The roof is constructed as an upturned segment of a circle, symbolizing The Sky. Thus, with the surrounding glass facades and pillared entrance hall, a symbolically rich structure is created to contain mostly Western art, and this duality plays a central role in the architecture. The structure accommodates two stages, an auditorium and a foyer, as well as shops and other public spaces, and is based on a square, which in Chinese tradition represents The Earth.

The Shanghai Grand Theater occupies 11,528 m2 of land and commands a total floor area of 62,803 m2. There are three theaters in Shanghai Grand Theatre: an 1800-seat main theater for ballet, a 550-seat medium theater for Chinese opera and chamber music, and a 250-seat small one for drama. The layout of the other areas allows the building to be hosted for the different types of performance, mainly opera, ballet and symphony events.

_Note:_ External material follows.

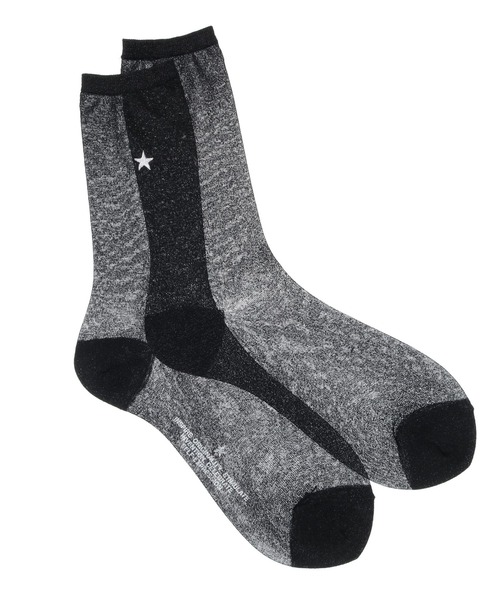 CONVERSE TOKYO（コンバーストウキョウ）の「STAR★ GLITTER SHEER SOX（ソックス/靴下・レディース・ベージュ/チャコールグレー/ブラック・FREE）」の2枚目の写真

The internal structure has been designed to provide maximum comfort to audiences before and during performances, and the stunning facades create a spectacular image to the outside world, especially at night. Since its opening on August 27, 1998 the Shanghai Grand Theater has successfully staged such shows and evenings as operas, musicals, ballets, symphonies, chamber music concerts, spoken drama and the Chinese operas. The theater has become an important window of cultural exchange between China and the world and a bridge of artistic communication.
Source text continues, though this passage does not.